▶ _Exercise objective_
What you give back should match the listing word for word.

:: Input data

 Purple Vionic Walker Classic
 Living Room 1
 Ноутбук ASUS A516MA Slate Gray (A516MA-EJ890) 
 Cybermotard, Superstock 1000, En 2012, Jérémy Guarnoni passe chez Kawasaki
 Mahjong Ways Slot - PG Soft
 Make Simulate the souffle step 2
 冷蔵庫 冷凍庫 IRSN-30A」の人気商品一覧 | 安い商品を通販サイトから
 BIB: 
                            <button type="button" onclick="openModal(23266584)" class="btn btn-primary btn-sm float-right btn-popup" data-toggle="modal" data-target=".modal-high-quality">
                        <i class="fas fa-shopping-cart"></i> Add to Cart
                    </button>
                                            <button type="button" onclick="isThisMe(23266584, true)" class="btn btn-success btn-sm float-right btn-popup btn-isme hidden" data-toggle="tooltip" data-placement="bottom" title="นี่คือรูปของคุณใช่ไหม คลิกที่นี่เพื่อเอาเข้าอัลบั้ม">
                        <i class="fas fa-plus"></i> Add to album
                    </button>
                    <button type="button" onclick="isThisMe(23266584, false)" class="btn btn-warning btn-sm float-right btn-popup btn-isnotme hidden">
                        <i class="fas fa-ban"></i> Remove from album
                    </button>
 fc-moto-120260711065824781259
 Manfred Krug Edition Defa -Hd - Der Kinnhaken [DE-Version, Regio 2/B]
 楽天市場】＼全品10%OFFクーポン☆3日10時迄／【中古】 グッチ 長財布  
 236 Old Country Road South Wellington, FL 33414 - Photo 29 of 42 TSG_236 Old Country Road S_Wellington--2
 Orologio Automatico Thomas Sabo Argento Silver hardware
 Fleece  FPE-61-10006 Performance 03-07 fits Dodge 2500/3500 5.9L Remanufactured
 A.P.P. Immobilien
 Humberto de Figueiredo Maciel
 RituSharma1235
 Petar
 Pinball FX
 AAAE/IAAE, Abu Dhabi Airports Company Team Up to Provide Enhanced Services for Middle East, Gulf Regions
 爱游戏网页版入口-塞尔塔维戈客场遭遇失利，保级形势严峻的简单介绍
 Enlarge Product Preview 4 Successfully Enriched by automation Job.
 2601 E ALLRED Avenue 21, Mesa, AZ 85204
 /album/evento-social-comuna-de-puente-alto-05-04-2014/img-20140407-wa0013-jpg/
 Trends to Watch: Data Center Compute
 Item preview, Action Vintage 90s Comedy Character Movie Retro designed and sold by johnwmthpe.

::::

▶ _Solution to this problem_
 Purple Vionic Walker Classic
 Living Room 1
 Ноутбук ASUS A516MA Slate Gray (A516MA-EJ890) 
 Cybermotard, Superstock 1000, En 2012, Jérémy Guarnoni passe chez Kawasaki
 Mahjong Ways Slot - PG Soft
 Make Simulate the souffle step 2
 冷蔵庫 冷凍庫 IRSN-30A」の人気商品一覧 | 安い商品を通販サイトから
 BIB: 
                            <button type="button" onclick="openModal(23266584)" class="btn btn-primary btn-sm float-right btn-popup" data-toggle="modal" data-target=".modal-high-quality">
                        <i class="fas fa-shopping-cart"></i> Add to Cart
                    </button>
                                            <button type="button" onclick="isThisMe(23266584, true)" class="btn btn-success btn-sm float-right btn-popup btn-isme hidden" data-toggle="tooltip" data-placement="bottom" title="นี่คือรูปของคุณใช่ไหม คลิกที่นี่เพื่อเอาเข้าอัลบั้ม">
                        <i class="fas fa-plus"></i> Add to album
                    </button>
                    <button type="button" onclick="isThisMe(23266584, false)" class="btn btn-warning btn-sm float-right btn-popup btn-isnotme hidden">
                        <i class="fas fa-ban"></i> Remove from album
                    </button>
 fc-moto-120260711065824781259
 Manfred Krug Edition Defa -Hd - Der Kinnhaken [DE-Version, Regio 2/B]
 楽天市場】＼全品10%OFFクーポン☆3日10時迄／【中古】 グッチ 長財布  
 236 Old Country Road South Wellington, FL 33414 - Photo 29 of 42 TSG_236 Old Country Road S_Wellington--2
 Orologio Automatico Thomas Sabo Argento Silver hardware
 Fleece  FPE-61-10006 Performance 03-07 fits Dodge 2500/3500 5.9L Remanufactured
 A.P.P. Immobilien
 Humberto de Figueiredo Maciel
 RituSharma1235
 Petar
 Pinball FX
 AAAE/IAAE, Abu Dhabi Airports Company Team Up to Provide Enhanced Services for Middle East, Gulf Regions
 爱游戏网页版入口-塞尔塔维戈客场遭遇失利，保级形势严峻的简单介绍
 Enlarge Product Preview 4 Successfully Enriched by automation Job.
 2601 E ALLRED Avenue 21, Mesa, AZ 85204
 /album/evento-social-comuna-de-puente-alto-05-04-2014/img-20140407-wa0013-jpg/
 Trends to Watch: Data Center Compute
 Item preview, Action Vintage 90s Comedy Character Movie Retro designed and sold by johnwmthpe.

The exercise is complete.